Il presidente della Serbia, Aleksandr Vucic, ha allertato in queste ore le forze armate serbe affinché mantengano il massimo livello di prontezza ad un eventuale combattimento contro il vicino Kosovo. Lo ha annunciato il ministro della difesa serbo, Milos Vucevic, secondo il quale l'obiettivo di tale misura è quello di garantire "l'integrità territoriale e la sovranità della Serbia, proteggere i cittadini e prevenire qualsiasi forma terrorismo contro i serbi".

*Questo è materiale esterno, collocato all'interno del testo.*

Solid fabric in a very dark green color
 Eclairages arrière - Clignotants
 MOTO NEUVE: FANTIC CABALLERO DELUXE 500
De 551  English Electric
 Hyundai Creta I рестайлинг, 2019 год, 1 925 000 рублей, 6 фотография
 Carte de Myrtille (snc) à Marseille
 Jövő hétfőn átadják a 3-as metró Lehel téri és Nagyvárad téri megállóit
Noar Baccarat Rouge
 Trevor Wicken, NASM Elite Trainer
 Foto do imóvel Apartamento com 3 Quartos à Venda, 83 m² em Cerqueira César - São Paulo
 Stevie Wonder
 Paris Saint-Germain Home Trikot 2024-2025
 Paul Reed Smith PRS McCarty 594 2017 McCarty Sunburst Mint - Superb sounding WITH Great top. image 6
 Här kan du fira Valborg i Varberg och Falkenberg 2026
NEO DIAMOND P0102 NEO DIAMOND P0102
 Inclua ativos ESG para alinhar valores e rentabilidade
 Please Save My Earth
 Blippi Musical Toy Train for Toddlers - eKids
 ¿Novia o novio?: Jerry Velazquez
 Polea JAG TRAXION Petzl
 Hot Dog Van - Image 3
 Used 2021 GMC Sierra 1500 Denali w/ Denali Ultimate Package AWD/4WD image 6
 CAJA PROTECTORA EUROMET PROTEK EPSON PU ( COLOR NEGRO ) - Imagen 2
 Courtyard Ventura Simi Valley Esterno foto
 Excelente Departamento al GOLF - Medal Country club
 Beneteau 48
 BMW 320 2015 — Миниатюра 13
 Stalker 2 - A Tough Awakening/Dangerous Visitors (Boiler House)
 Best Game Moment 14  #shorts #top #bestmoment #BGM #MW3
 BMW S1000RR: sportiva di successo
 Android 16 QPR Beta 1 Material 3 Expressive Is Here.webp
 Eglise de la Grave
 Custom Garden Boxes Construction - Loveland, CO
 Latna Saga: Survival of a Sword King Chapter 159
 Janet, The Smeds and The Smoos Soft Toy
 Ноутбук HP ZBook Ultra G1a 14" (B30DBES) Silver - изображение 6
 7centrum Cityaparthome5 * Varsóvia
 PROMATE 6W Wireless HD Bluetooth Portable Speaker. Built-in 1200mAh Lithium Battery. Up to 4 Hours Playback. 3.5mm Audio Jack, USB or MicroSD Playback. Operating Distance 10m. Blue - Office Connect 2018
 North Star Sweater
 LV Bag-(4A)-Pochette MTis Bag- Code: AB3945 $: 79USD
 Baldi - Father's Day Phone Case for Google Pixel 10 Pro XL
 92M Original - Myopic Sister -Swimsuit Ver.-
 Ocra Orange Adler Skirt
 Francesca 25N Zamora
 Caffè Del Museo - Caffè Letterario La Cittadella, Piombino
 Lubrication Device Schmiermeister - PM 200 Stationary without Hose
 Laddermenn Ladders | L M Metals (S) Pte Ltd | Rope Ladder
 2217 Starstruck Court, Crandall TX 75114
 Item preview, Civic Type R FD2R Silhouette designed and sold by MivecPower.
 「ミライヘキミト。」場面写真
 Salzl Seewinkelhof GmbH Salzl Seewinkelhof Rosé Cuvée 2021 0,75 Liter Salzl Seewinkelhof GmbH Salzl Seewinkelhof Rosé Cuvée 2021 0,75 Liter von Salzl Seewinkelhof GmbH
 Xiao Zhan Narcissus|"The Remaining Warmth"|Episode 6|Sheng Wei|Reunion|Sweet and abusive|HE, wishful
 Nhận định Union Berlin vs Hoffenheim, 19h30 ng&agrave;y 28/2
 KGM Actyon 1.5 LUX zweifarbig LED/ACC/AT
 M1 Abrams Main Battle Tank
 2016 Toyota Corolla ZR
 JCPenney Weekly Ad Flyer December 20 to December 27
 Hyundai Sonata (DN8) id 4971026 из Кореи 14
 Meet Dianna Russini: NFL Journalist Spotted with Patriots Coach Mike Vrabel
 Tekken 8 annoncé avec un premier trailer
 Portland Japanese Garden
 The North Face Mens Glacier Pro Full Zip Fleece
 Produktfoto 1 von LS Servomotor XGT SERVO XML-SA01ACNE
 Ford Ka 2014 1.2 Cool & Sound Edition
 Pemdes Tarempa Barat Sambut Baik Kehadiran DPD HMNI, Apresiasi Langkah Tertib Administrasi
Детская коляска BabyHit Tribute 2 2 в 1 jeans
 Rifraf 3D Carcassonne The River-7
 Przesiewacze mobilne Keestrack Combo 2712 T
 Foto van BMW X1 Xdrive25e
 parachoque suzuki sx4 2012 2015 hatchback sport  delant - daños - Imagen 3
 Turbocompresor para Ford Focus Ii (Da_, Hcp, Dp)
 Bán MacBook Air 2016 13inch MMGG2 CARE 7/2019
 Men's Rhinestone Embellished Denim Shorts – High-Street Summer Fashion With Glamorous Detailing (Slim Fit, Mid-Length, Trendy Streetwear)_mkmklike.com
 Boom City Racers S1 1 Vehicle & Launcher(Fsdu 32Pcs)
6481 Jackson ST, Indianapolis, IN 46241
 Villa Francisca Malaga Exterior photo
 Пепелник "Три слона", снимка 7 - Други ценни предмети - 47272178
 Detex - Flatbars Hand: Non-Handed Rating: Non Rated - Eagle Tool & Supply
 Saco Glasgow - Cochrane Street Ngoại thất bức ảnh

A determinare questa escalation è il fatto che dal 10 dicembre alcuni serbi residenti in Kosovo hanno eretto blocchi stradali per protestare contro l'arresto di un ex-poliziotto serbo, paralizzando il traffico verso due valichi di frontiera con la Serbia. Quest'ultima, infatti, non riconosce l'indipendenza proclamata nel 2008 dalla sua ex provincia meridionale, il Kosovo, popolato per la maggioranza da albanesi, in cui vivono circa 120.000 serbi. Già a novembre era andata in scena una protesta simile contro la decisione (ora sospesa) di bandire le targhe serbe utilizzate in Kosovo.
Belgrado ha rafforzato la presenza militare serba lungo in confine con il Kosovo, posizionando 5000 soldati (attualmente erano 1500), posti sotto il diretto comando del capo di Stato maggiore serbo, Milan Mojsilovic, che ha sottolineato come "la situazione in Kosovo è complicata". Pattuglie della Nato Peacekeeping Force in Kosovo (Kfor) sono presenti nella zona delle tensioni, dove sono state coinvolte in una sparatoria avvenuta il 25 dicembre.
Dura la replica del primo ministro kosovaro Albin Kurti: "Credo che il timore dei nostri partner ed amici occidentali risieda nei legami tra Belgrado e Mosca. Non sappiamo in che modo questi possano diventare operativi nel caso di un aumento delle tensioni verso una escalation nella parte settentrionale del Paese".